A few weeks ago I had the opportunity to connect with a colleague who is the Chair of the Computer Science Department at one of the top universities in the United States. He told me that their initial AI class has 10,000 students. They cannot keep up with the rate of interest. Similarly, an undergraduate student at another prestigious US university told me he can’t get into an AI class – it’s all full.
What is a moving train?
I like to think of the AI world as a moving train. Innovations come out every day. Because many of these innovations are publicly available as open source software, as soon as a new entry appears, others build on it and release further innovations. From a research perspective, a recent analysis suggests that, as early as 2019, 3 new papers were submitted to Arxiv (a respected AI document repository) every hour, over 148 times faster than in 1994. The same analysis suggests that over 5 researchers are entering the field of artificial intelligence every hour since 2019 The AI train is moving very fast and gaining speed every day.
How to get on the train?
This is the question most people ask me – whether they are parents of a 6th grader or a professional with decades of technical experience but not in AI. Everyone sees the train moving. Many of them feel that it is gaining momentum. They stand on the sidelines wondering how to get on a train that never stops. They wonder if they are ready, but they also feel that waiting is not wise. Every day they don’t get on the train, it gets harder to get started. So how does one ride the train?

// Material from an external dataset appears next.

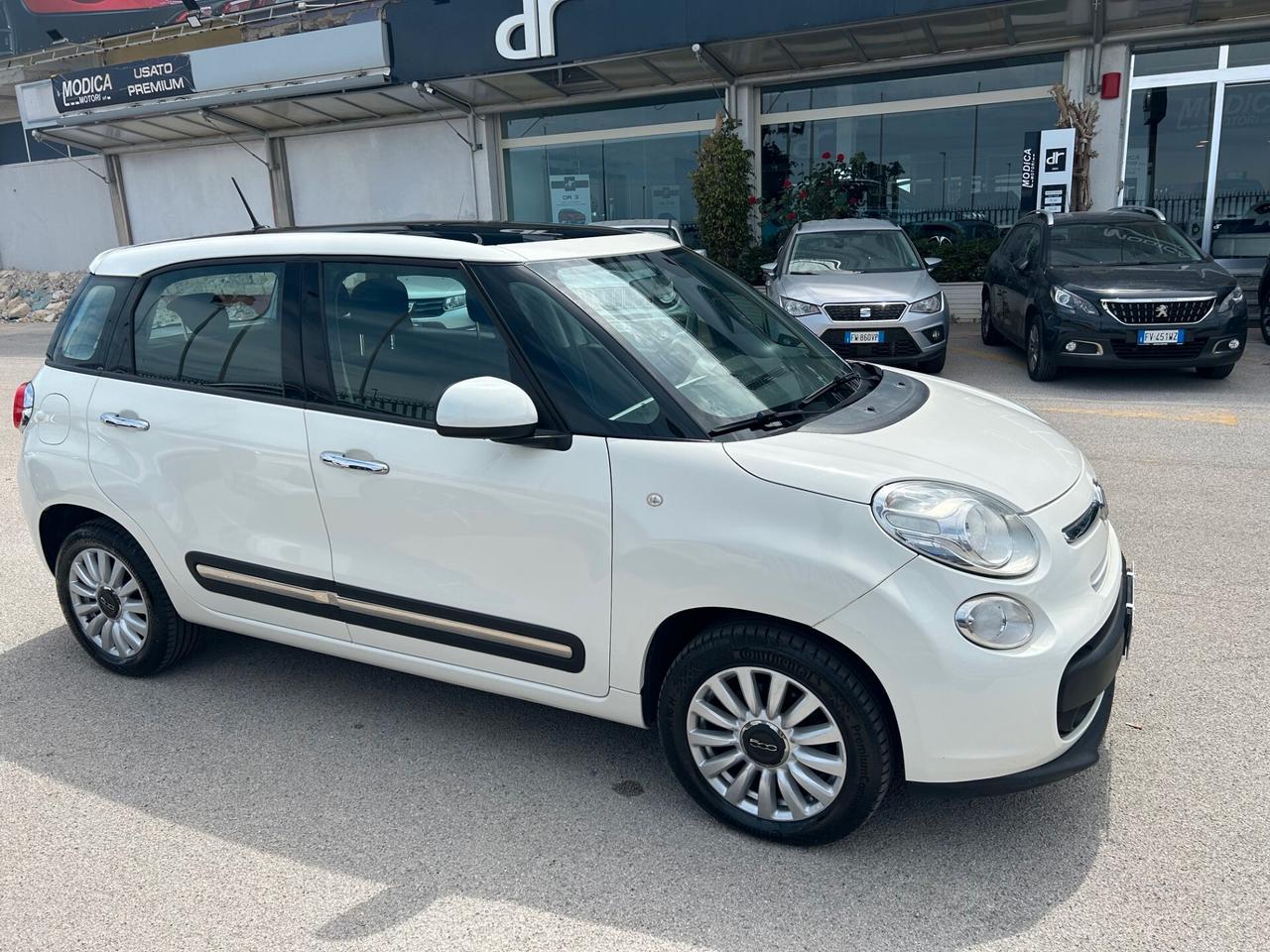Fiat 500L 1.3 Multijet 85 CV Dualogic Lounge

- In a previous post, I provided a framework for AI Literacy called the 4 C’s – Concepts, Context, Competence and Creativity. The basic idea is that AI is a big space and it is not possible to understand everything deeply at first. By understanding some of the key concepts, how to use them (Context), having some hands-on experience (Ability), and matching it to problems of interest (Creativity), you can begin to tackle the situation.
- Start as early as possible. K-12 is not too early. The anecdotes above suggest that K-12 may be just the right time—and waiting may be too late. A recent survey of AI Projects in Science Fairs suggests that AI can be a very powerful complement to other STEM subjects at the K-12 level, creating an opportunity to learn early and thrive.
- Top down (start by driving the train – don’t start with the internals of the engine). A mistake some students make is feeling like they can’t even start learning AI until they learn more math or coding. This is like trying to figure out how the engine works while the train is speeding away. By the time you learn how one type of engine works, the train will be moving even faster and probably with a whole new kind of engine.
Takeaway: Driving the Train
- Jump up. Try some AIs. Learn how they work conceptually. Dive as deep as is appropriate for your interests and background.
- When a new type of AI comes out – try it! While AIs used to be hard to find and access, they are no longer so. Many new AIs are readily available on websites. Try them out and form an opinion based on what you know.
- Pick and choose. As you test new AIs, you’ll develop an opinion about what’s useful for you—whether you’re a K-12 teacher, lawyer, doctor, etc. The AI space is too big for everyone to know everything. The key is to choose. It can be difficult at first, but after you’ve tried a few AIs, you’ll have a stronger opinion of what’s right for you.
- Keep learning. Success does not mean deep learning a type of AI that is already outdated. Success means knowing how to analyze the flow of new developments, choose what works for you, ask good questions and use new technology to thrive.